A MÉDIA DE QUILOMETRAGEM DIÁRIA tem beirado os 30 quilômetros, mas nesta região teremos que acelerar. As sedes de fazenda, como a que nos abrigou alguns dias atrás, são cada vez mais escassas. As margens do canal são úmidas, enlameadas, com uma vegetação de arranha-gatos muito densa, nada convidativa ao acampamento. Sem contar os mururés, nome regional dado ao aguapé, que surgem como por encanto, fechando o canal e dificultando muito a remada. Num trecho assim, Lobato, um dos remadores, nascido na ilha, sobe no barco de apoio, deita-se na proa e, com um facão, fatia as plantas, abrindo passagem para os caiaques que vêm atrás. Surge outro barco maior, rasgando o caminho. Pegamos o vácuo dele e conseguimos atravessar até a fazenda Santa Elias, depois de quase 50 quilômetros remados. Já era de noite, na hora da sucuri!

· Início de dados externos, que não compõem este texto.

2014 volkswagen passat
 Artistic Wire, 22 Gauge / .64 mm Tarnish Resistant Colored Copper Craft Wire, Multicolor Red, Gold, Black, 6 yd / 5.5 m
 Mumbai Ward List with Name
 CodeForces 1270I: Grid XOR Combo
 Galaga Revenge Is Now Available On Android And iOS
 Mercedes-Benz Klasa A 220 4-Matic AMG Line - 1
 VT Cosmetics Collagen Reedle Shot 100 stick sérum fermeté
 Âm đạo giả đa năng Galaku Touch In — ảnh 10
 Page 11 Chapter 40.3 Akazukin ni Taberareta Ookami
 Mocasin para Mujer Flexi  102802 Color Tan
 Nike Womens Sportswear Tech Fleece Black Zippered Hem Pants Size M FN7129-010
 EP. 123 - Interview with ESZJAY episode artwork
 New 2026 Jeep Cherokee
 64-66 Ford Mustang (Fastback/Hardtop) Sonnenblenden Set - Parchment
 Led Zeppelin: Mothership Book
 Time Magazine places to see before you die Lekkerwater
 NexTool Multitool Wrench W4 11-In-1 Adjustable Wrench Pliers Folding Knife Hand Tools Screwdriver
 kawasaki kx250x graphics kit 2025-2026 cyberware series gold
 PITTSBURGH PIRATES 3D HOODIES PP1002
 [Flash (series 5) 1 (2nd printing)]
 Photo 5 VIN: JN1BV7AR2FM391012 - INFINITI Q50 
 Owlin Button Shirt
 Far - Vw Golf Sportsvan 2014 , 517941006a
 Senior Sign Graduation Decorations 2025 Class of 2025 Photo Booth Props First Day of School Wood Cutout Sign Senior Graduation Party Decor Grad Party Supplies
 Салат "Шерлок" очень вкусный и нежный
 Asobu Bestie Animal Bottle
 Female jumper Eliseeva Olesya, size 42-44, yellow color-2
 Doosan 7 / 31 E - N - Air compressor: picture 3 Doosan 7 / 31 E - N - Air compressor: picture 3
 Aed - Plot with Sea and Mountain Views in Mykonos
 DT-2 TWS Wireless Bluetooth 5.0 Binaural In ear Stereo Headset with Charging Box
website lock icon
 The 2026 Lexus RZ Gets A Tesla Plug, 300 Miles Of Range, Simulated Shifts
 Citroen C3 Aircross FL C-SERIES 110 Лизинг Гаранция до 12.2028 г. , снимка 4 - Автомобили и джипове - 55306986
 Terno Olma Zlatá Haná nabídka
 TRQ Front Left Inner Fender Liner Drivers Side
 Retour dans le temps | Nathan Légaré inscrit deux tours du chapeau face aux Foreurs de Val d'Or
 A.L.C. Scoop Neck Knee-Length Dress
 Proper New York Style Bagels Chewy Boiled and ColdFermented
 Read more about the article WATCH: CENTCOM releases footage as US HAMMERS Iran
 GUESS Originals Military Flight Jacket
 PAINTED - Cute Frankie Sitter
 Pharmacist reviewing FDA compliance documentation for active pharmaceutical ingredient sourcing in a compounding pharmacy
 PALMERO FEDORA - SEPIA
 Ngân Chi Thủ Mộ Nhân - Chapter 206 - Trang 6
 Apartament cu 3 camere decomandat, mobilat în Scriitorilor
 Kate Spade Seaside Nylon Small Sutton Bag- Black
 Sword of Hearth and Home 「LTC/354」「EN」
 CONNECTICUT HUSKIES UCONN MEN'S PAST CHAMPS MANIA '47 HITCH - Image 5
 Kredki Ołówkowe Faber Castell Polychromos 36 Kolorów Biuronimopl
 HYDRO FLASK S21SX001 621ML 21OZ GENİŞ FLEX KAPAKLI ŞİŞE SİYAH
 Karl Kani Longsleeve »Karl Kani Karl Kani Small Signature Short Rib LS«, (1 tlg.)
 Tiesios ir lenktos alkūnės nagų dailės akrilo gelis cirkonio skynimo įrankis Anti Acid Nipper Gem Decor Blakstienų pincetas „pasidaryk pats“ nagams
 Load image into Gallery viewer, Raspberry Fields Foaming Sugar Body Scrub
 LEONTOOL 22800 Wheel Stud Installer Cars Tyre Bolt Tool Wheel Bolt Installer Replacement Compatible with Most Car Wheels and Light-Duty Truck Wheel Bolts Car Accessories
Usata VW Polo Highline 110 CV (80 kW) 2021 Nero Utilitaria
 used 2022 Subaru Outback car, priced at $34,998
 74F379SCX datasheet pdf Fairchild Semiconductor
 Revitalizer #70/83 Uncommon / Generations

No outro dia seguimos por mais furos pelos campos das fazendas – e é aí que mora o perigo. A igualdade das paisagens e a escassez de casas para nos dar informações nos fazem remar mais de 10 quilômetros na cilada. O cansaço, o sol escaldante e a preocupação de estarmos num lugar ermo atiçam os nervos de toda a equipe. Ficamos algumas horas num vai e vem nervoso, até conseguirmos informações com uma canoa. Pegamos o trilho certo e decidimos seguir até Arapixi, a última cidade antes de enfrentarmos o Canal do Sul. Nossa estrada agora é o rio Egito, de águas negras e frias, estreito, pouco ensolarado e muito sinistro. Cenário perfeito para filmes tipo Anaconda ou Piranhas Assassinas.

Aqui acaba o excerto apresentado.